**WORK TASK**
What you return must match the listing below exactly, minus any pictures.

**SOURCE MATERIAL**
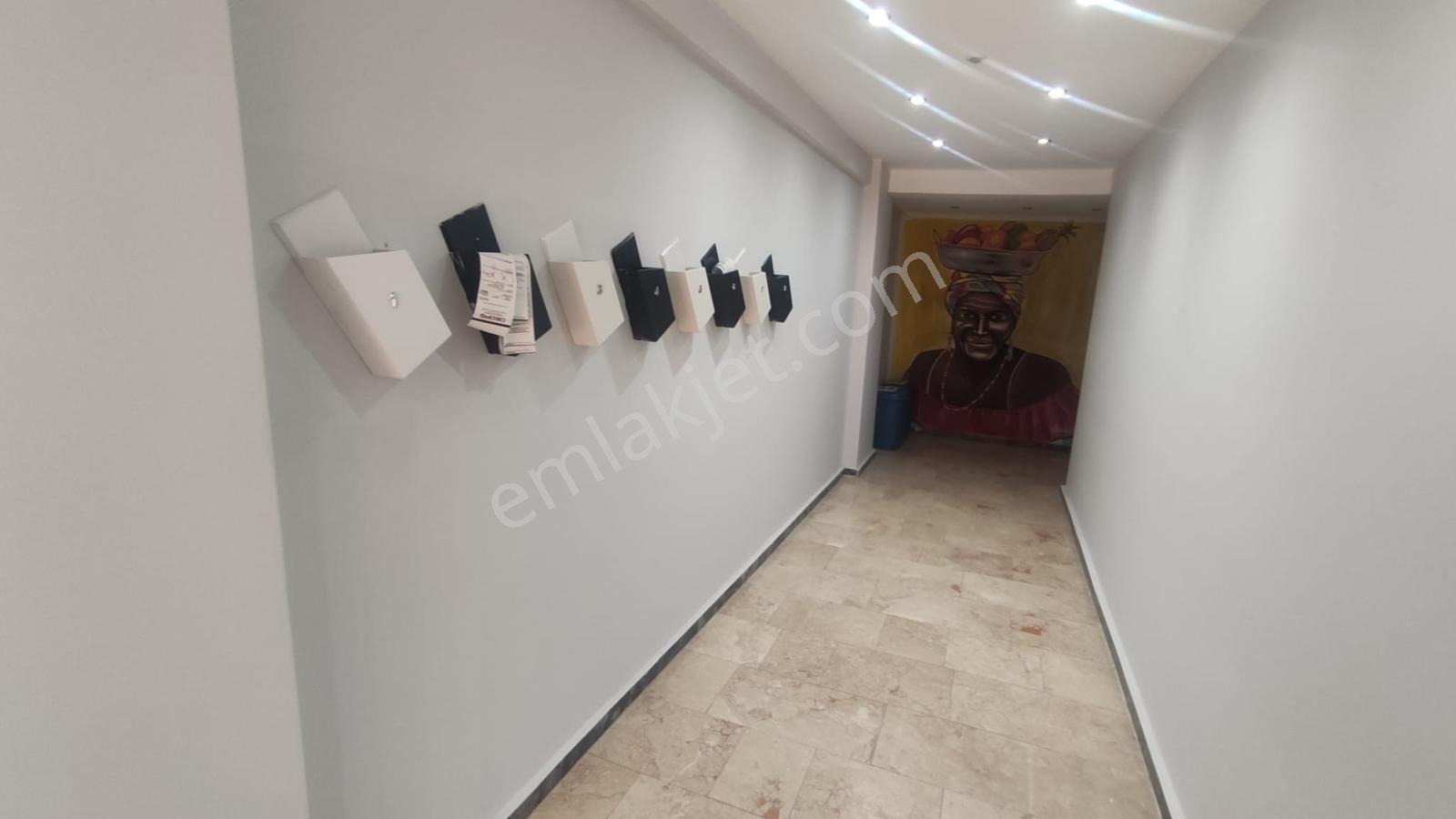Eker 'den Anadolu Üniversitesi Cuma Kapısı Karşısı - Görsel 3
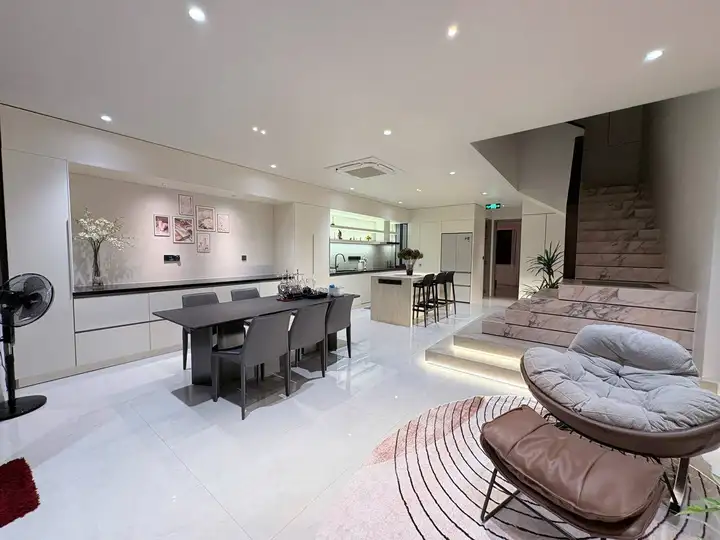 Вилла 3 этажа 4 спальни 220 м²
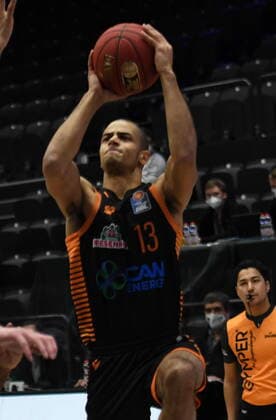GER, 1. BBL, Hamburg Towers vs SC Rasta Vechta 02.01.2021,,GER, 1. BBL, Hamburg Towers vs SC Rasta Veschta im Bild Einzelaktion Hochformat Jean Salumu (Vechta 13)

**OUTPUT OF THE TASK**
Eker 'den Anadolu Üniversitesi Cuma Kapısı Karşısı - Görsel 3
 Вилла 3 этажа 4 спальни 220 м²
GER, 1. BBL, Hamburg Towers vs SC Rasta Vechta 02.01.2021,,GER, 1. BBL, Hamburg Towers vs SC Rasta Veschta im Bild Einzelaktion Hochformat Jean Salumu (Vechta 13)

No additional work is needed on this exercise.